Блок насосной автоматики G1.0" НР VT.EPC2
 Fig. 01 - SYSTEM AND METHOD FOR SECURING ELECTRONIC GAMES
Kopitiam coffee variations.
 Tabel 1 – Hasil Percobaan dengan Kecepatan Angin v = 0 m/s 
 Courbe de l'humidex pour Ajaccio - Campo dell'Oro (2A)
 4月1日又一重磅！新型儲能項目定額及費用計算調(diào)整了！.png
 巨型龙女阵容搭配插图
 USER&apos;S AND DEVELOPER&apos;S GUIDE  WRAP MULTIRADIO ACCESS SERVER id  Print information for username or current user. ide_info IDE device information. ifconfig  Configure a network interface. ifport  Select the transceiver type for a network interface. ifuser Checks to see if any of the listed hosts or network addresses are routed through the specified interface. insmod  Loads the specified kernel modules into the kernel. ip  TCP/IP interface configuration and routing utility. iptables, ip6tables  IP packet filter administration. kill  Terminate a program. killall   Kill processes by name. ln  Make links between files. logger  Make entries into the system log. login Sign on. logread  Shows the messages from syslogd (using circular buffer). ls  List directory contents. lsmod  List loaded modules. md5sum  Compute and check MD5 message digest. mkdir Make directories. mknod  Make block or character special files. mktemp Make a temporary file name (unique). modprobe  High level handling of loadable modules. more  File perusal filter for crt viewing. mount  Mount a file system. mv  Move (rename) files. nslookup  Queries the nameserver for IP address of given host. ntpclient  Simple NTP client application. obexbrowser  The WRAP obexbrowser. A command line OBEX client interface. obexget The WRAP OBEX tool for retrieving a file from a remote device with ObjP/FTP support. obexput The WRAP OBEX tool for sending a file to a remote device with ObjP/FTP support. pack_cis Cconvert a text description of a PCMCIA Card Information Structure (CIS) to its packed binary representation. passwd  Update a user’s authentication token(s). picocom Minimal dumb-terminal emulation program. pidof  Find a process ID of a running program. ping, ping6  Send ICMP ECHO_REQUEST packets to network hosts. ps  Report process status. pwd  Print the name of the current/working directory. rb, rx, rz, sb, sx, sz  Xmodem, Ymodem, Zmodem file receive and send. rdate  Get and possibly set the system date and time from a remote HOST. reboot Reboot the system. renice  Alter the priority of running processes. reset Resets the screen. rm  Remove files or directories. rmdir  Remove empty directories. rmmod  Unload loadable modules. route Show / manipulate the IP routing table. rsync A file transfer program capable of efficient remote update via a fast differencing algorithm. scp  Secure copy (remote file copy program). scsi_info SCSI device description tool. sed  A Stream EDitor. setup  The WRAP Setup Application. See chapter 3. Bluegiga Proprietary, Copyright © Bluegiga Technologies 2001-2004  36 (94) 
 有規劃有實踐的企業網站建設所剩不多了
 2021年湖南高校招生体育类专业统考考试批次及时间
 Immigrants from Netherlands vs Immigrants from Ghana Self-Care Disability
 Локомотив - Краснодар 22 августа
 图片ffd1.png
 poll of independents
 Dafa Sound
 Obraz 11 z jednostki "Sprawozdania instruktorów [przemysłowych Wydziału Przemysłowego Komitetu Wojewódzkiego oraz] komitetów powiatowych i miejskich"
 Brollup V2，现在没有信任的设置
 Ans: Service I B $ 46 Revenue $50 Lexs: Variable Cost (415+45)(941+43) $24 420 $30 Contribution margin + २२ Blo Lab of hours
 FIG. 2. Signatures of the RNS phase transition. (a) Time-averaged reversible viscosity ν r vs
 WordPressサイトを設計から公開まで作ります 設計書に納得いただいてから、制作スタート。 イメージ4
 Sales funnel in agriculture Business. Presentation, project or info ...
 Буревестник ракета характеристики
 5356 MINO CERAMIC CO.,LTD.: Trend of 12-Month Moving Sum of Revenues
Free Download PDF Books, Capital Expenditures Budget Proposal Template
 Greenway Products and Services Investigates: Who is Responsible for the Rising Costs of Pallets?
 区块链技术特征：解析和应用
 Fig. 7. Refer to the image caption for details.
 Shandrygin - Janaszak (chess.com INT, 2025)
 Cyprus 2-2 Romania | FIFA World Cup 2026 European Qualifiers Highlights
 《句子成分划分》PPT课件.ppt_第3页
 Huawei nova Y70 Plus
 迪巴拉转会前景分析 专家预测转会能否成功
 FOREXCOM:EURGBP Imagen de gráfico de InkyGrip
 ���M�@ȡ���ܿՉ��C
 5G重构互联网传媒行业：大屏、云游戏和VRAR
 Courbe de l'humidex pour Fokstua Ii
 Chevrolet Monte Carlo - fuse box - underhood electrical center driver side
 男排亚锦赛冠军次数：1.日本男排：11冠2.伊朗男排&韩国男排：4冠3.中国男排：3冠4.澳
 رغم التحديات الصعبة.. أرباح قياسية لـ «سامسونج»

### What the exercise asks
The line above containing "Immigrants from Netherlands", the line containing "Brollup V2，现在没有信任的设置", and every line between them are to be transcribed exactly; no other line is wanted.

### Output below
 Immigrants from Netherlands vs Immigrants from Ghana Self-Care Disability
 Локомотив - Краснодар 22 августа
 图片ffd1.png
 poll of independents
 Dafa Sound
 Obraz 11 z jednostki "Sprawozdania instruktorów [przemysłowych Wydziału Przemysłowego Komitetu Wojewódzkiego oraz] komitetów powiatowych i miejskich"
 Brollup V2，现在没有信任的设置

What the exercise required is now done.